Le jour du lent

Il est des décisions parfois que l’on prend et que l’on doit assumer jusqu’au bout malgré l’évidence de la connerie qu’elle dégage. J’ai donc accepté de passer le réveillon du jour de l’an chez une collègue insistante (et non, pas assistante), qui me vendit son « jour de l’an » ainsi :
« Mais siiii, vieeeens, il n’est pas question que tu passes la soirée tout seul, de toute façon, avec mon mari, on t’a déjà prévu, puis tu verras nos amis sont super sympas ! ».
Et moi de répondre : « Mouai mais, vous êtes entre couple et vous vous connaissez… », bref, pas franchement envie d’y aller, mais pas franchement envie non plus de passer la soirée tout seul.

C’est le syndrome bien connu de nombreux parisiens, lequel est le « je connais plein de monde mais je ne vois jamais personne, aller, vas -y, toi aussi, aies une vie sociale »

Donc tout allait bien, c’était quand même gentil de sa part de m’inviter, et ce fut sans regret que je pris donc cette décision, OUI, J’IRAI, ET OUI, JE SERAI SOCIABLE !

Elle : « Cooool, bon, par contre, c’est une soirée tranquille, t’attends pas à la grosse teuf, et il faut amener un cadeau de moins de 5 euros, ok ? »
Moi : « Ok, pas de soucis, tu m’envoies un mail avec ton adresse et tout et tout ? »

Elle fit.

Son chez elle, c’est dans les dernières stations du RER A, dans des zones Navigo obscures, que si t’es comme moi, tu penses qu’après la zone 2, c’est des champs cultivés à perte de vue. Et non, c’est du béton, partout, mais moins beau qu’à Paris, quand même.

Une fois, l’étape RER validée sans encombre (vous savez comment ça marche le RER vous ? Moi, perso, j’ai découvert),
Elle, passe me prendre à la gare et nous voilà parti dans un dédale de quartiers pavillonnaires, entrecoupés de bars PMU.

Nous arrivâmes dans sa résidence. Bip portail, bip garage, bip hall d’entrée. On monte un étage, et nous voilà dans le dining room (que j’imaginais plus en dancing room). Une main froide et molle est enfermée dans la mienne, c’est le mari, qui m’accueille comme il le peut. Des paupières basses cachent un regard vide, des cheveux bruns coupés à la brosse, visage presque imberbe, léger double menton surplombant un t-shirt Metallica délavé, il me dit « bonjour », je lui répond « salut », Il retourna aussitôt à ses occupations.

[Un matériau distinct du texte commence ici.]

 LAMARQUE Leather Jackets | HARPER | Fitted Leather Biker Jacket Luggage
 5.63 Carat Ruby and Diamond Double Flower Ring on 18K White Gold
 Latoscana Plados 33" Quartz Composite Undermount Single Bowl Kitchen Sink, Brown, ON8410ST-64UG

Ambiance.

Petit moment de bonheur simple avec le petit bébé de trois mois que je pris en confidente de début de soirée. Super pratique, pendant que tu fais des GouziGouzi Areu Areu, tu n’as pas besoin de rentrer dans une conversation.

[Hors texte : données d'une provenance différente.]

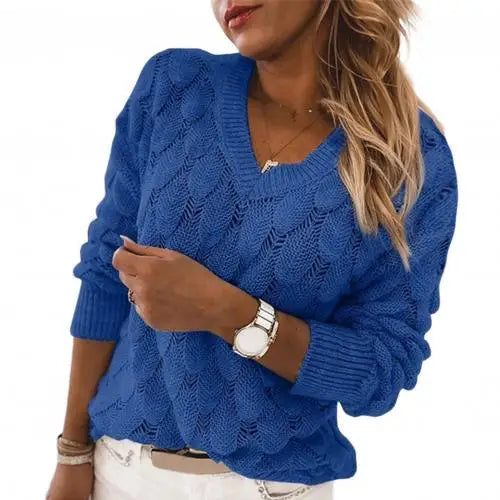 Oversize Hollow Out Feather Pattern Pullover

Les autres couples-convives sont arrivés. Un grand mec à moitié chauve avec des lunettes et une banane autour de la taille (et le portable à la ceinture si si) est accompagné d’une petite chinoise timide. L’autre couple, des jeunes cadres dynamiques sveltes et avenants, sont les premiers à sourire, je les sens sportifs. A premier œil, lui, est certainement un amateur de rugby, je ne me trompe pas, à la vue de son  polo EdenPark à rayure qu’il dévoile à la tombée de sa veste. Sa compagne m’est présentée comme « elle aussi, elle est graphiste, vous allez avoir plein de truc à vous dire », désolé chérie mais…. non !

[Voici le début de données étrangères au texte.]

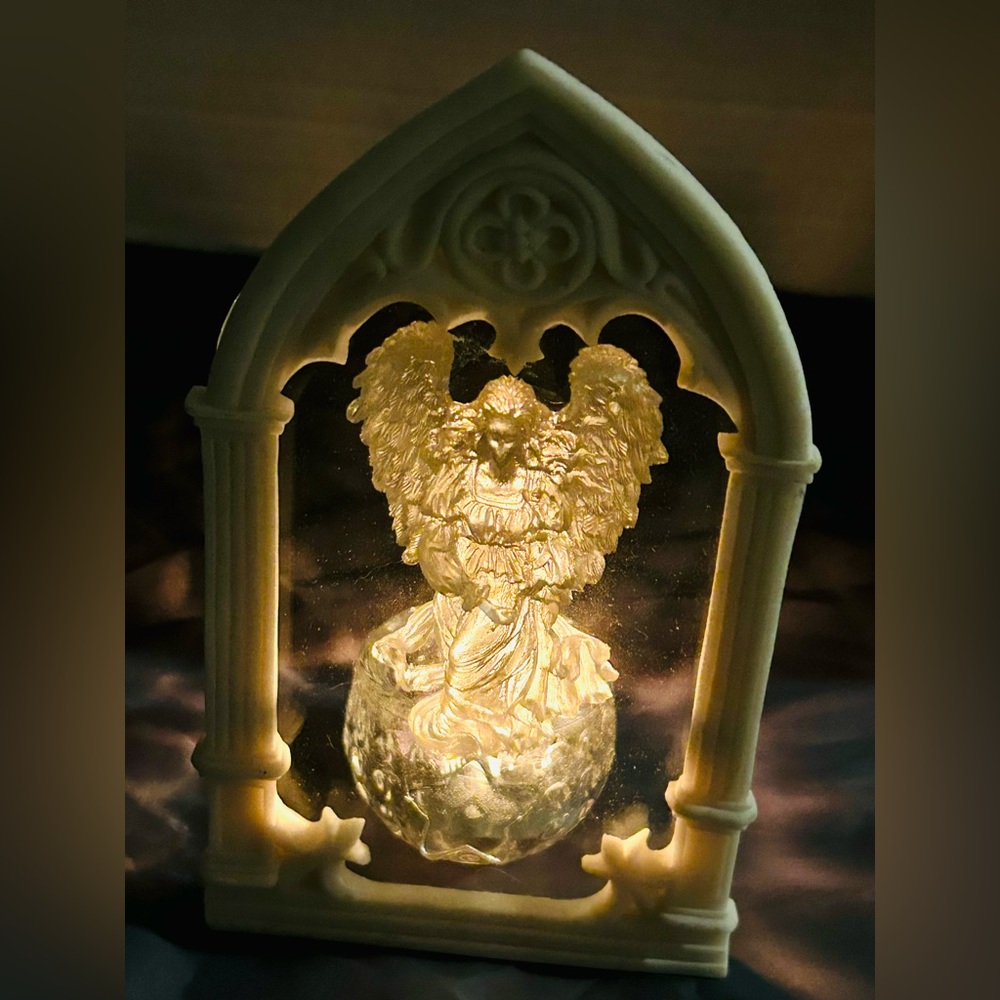 Angel Candle Votive Holder Vintage Cathedral Christmas frosted glass religious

C’est l’apéro, youpi ! L’hôte nous a concocté une soupe champenoise. Enoncé de la recette avant de nous servir dans de grande (très grande) flûte le breuvage tant attendu. « ATTENDEEEEEZ ! Annonce ma collègue, apriori enthousiaste, je vais vous coller des petites pastilles pour que chacun reconnaissent son verre ». Les pastilles en question, de petits animaux en plastiques à « ventouser » sur le rebord de nos verres.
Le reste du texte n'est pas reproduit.